Mathias Gaunard wrote:
Andrey Semashev wrote:
Text parsing is one of such examples. And it may be extremely performance critical.
Text parsing being quite low-level, they should probably use lower-level accesses (iterating over code points or code units for example).
Extensive parsing should probably access lower-level views of the string, like code points or code units, and eventually be careful depending on what they do.
I agree that parsing is rather a low-level task. But I see no benefit from being forced to parse Unicode code points instead of fixed-length chars in a given encoding.
Various Unicode related tools (text boundaries searching etc.) would be needed to assist the parser in this task.
That would be nice.
Building a fully Unicode-aware regex engine is probably difficult. See the guidelines here: http://unicode.org/unicode/reports/tr18/ Boost.Regex -- which makes use of ICU for Unicode support -- for example, does not even fully comply to level 1.
Interesting. I wonder what level of support will be proposed to the Standartization Comitee.
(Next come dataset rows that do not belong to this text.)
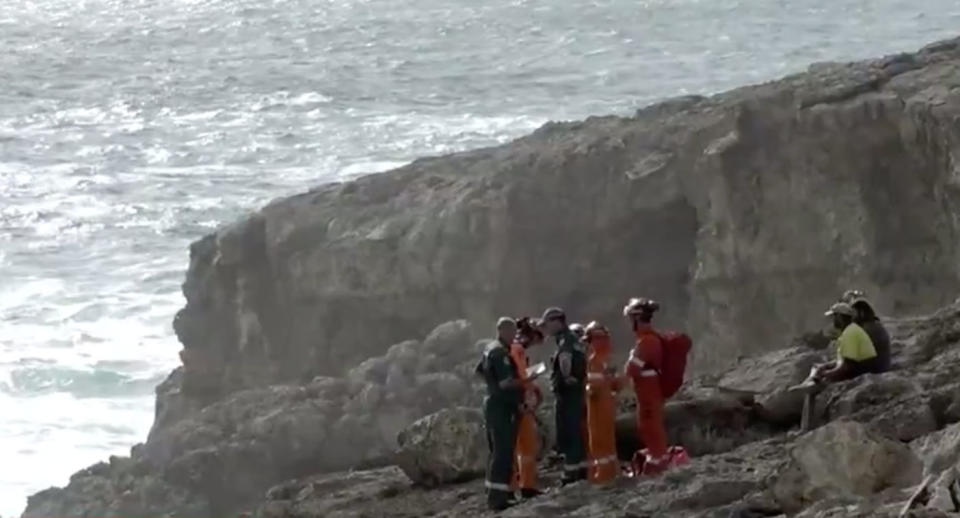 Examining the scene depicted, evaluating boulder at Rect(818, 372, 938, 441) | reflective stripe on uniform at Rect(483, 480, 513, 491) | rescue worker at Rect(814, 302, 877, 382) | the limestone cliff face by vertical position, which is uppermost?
the limestone cliff face

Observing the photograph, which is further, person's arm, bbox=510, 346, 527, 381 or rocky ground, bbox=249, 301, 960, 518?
person's arm, bbox=510, 346, 527, 381

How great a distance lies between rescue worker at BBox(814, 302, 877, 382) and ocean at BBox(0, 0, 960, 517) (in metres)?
18.2

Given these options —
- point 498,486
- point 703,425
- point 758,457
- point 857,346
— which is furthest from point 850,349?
point 498,486

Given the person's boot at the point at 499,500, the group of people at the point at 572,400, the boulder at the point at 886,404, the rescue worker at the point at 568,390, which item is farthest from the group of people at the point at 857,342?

You should be working with Unicode internally in your app anyway if you want to avoid translations, since most systems or toolkits require Unicode in some form in their interfaces. I'm not sure about the "most" word in context of "require". I'd rather say "most allow Unicode".
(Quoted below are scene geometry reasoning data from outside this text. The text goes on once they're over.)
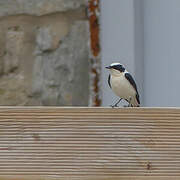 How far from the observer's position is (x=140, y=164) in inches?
44.3

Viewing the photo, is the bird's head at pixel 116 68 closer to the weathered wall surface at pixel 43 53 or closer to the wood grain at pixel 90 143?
the weathered wall surface at pixel 43 53

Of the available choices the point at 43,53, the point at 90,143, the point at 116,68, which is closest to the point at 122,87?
the point at 116,68

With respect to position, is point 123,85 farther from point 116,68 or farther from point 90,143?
point 90,143

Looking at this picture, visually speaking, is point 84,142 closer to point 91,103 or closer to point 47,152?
point 47,152

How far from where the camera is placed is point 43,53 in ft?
8.14

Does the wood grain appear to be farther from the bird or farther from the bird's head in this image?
the bird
I know of several libraries or APIs that only work with Unicode. It's simply easier for them if there is only one format that represent all text. GTK+ is one example.
Well, that doesn't mean I was wrong in my statement. :)
But that does not mean that all strings in C++ should be in Unicode and I should always work in it. I just want to have a choice, after all.
Additionally, there is plenty of already written code that does not use Unicode. We can't just throw it away.
Compatibility with legacy code will always be an issue. Isn't a runtime conversion simply acceptable?
I don't think so - we're recurring to the performance issue. I just don't understand why there's so strong will to cut down fixed char encodings in favor of exclusive Unicode support. Why can't we have both? Is it for that the text processing algorithms should be duplicated? I think not, if the implementation is well designed. Is it for CRT size growth because of some encoding-specific data? Possible, but not necessarily. In fact, if the application size is of primary concern, the whole Unicode support is a good candidate to cut away.